The Trump administration is also considering unfreezing $20 billion in Iranian assets as part of ongoing negotiations with Tehran, CNN previously reported. The step would come in exchange for Iran turning over its stockpile of highly enriched uranium.
How flexible each side is on their terms will ultimately dictate whether a deal can be reached. For Trump, one imperative is not agreeing to a deal that could be likened to the Obama-era Joint Comprehensive Plan of Action, an Iran nuclear deal he withdrew from in 2018 and has continuously derided as weak.
At the least, negotiators hope to produce a framework understanding between the US and Iran that would then lead to more detailed talks over the coming weeks on the finer points of a deal. That approach has its detractors, however, who warn that Iran could be drawing out the discussions as a play for time as it unearths some of its missile systems that have been buried over the course of the war.
Trump insisted Monday he wasn’t feeling pressure to reach a deal, despite the war’s rising unpopularity among the American public and the role it’s played in higher gas prices.
“I am under no pressure whatsoever, although, it will all happen, relatively quickly!” he wrote on Truth Social.
It was unclear as of Monday afternoon whether any advisers had shared concerns with the president that his penchant for posting could be damaging to the talks. By midday, he had posted multiple times on Truth Social about the war, totaling more than 900 words.
His public comments have only continued to add to the uncertainty surrounding negotiations.
At one point Sunday morning, Trump told a series of callers that Vice President JD Vance would not participate in this round of talks, citing unspecified security concerns. Simultaneously, two senior officials in his government — United Nations Ambassador Mike Waltz and Energy Secretary Chris Wright — appeared on television to say Vance would, in fact, be leading the delegation in Islamabad, as he had for the first round.
It turned out they were right and Trump was wrong. “Things changed,” a White House official told CNN when asked what had happened.
A day later, Trump offered another confusing update, this time about the whereabouts of his No. 2. He told a reporter calling from the New York Post that Vance was in the air and preparing to touch down in Pakistan within hours for the talks. Moments later, Vance’s motorcade — with the vice president inside — arrived at the West Wing.
“We expect the delegation to be on the road soon,” a White House official explained.
People familiar with the plans said Vance is now planning to depart Washington on Tuesday for the talks, which Trump claimed on Sunday would occur Monday evening.
But negotiations are now on track to commence Wednesday morning in Islamabad. In something of an understatement, the sources cautioned the situation remains “fluid.”

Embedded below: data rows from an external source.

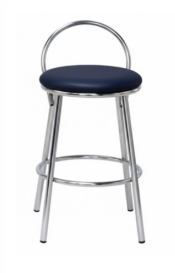 BANQUETA ALTA SIMPLES CROMADA - 0.70CM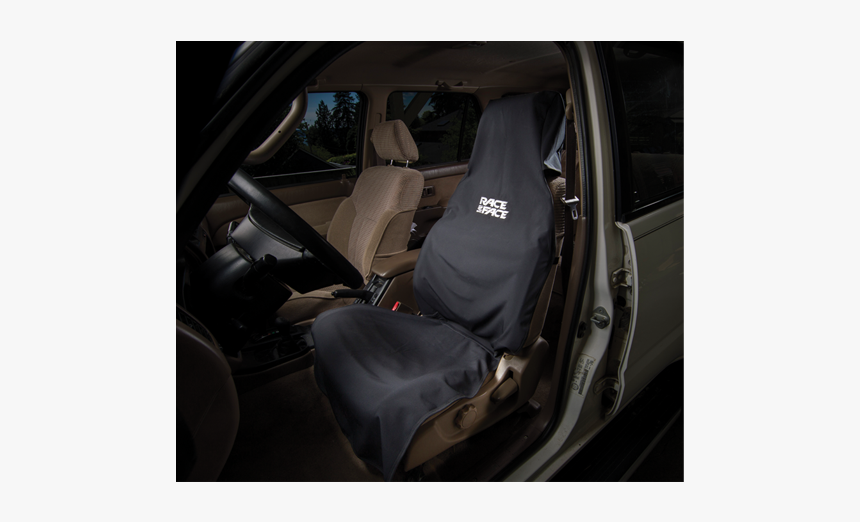 Car Seat Cover - Race Face Car Seat Cover Black, HD Png Download, Free Download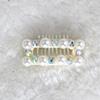 Maltese Rhinestone Puppy & Kitten Hair Clip - Universal Handmade Pet Accessory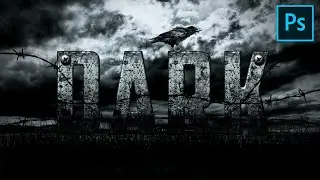 Texto Tenebroso con Photoshop  ☠️Tutorial☠️ en HD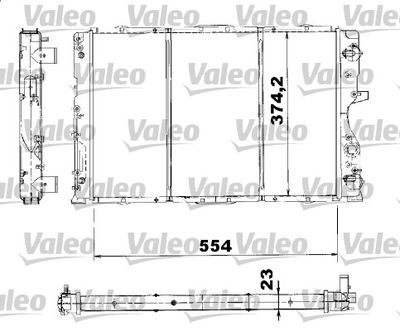 Радиатор, охлаждение двигателя VALEO 732745 для FIAT FIORINO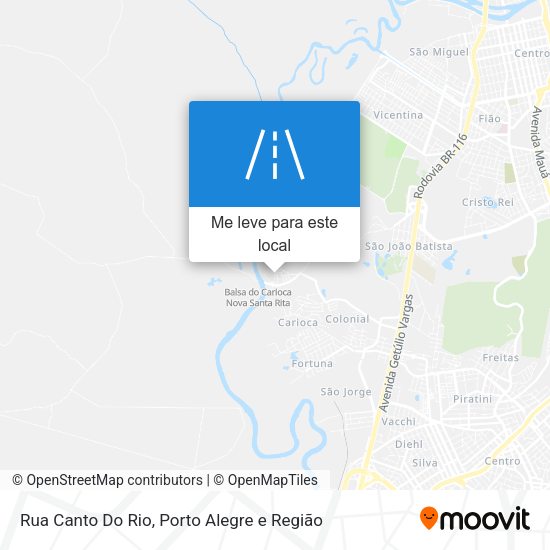 Rua Canto Do Rio mapa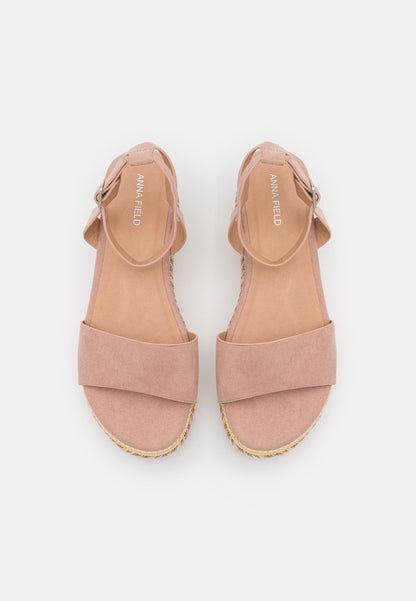 Anna Field Platform Sandals - Light Pink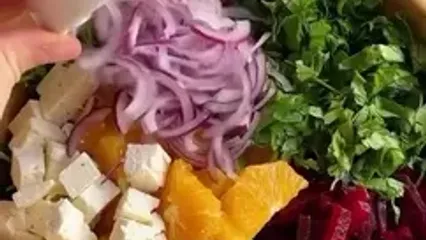 طرز تهیه سالاد زمستانی روکولا فوری و خوشمزه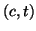 $(c,t)$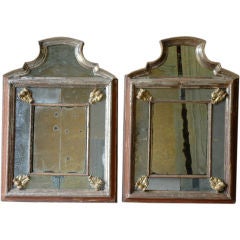 Pair 18th c. Venetian Mirrors from a 16th c. Palazzo in Tuscany
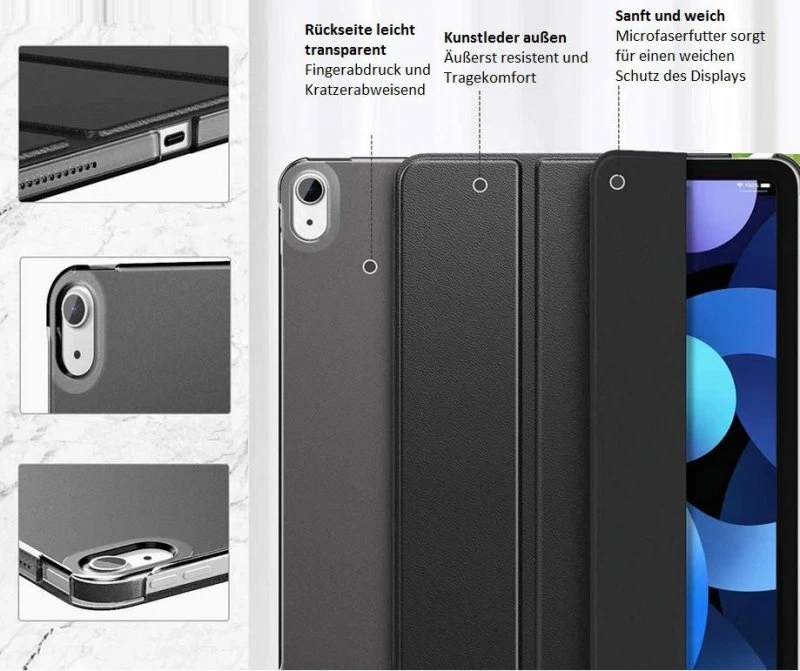 Schutzhülle für Apple iPad Air 13" 2025/2024 +Schutzglas +Stifthalter Case Cover - Bild 4 von 4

So, too, is the fate of the two-week ceasefire, which is set to expire soon. When, exactly, its deadline falls has also seemingly changed, based on a phone conversation Trump had with a reporter on Monday. He originally announced the ceasefire at 6:32 p.m. ET on April 7, putting the two-week mark on Tuesday evening in Washington.
But Trump told Bloomberg the truce ends “Wednesday evening Washington time,” allowing for an extra 24 hours of talks before he must choose whether make good on his threat to blow up Iranian bridges and power plants, a possible war crime. He added that it was “highly unlikely” that he would extend it further.
But he previously went back and forth on whether he would agree to extend the ceasefire. During one question-and-answer session with reporters last week, he was asked five separate times whether he would extend the ceasefire, and offered three different answers:
“If there’s no deal, fighting resumes,” he said definitively at one point. Later, he offered that he would offer an extension if necessary: “If we need to, I would do that.” In another answer, he suggested the question was moot, given the state of negotiations: “We’ll see. I don’t know that we’ll have to. Ideally, we won’t.”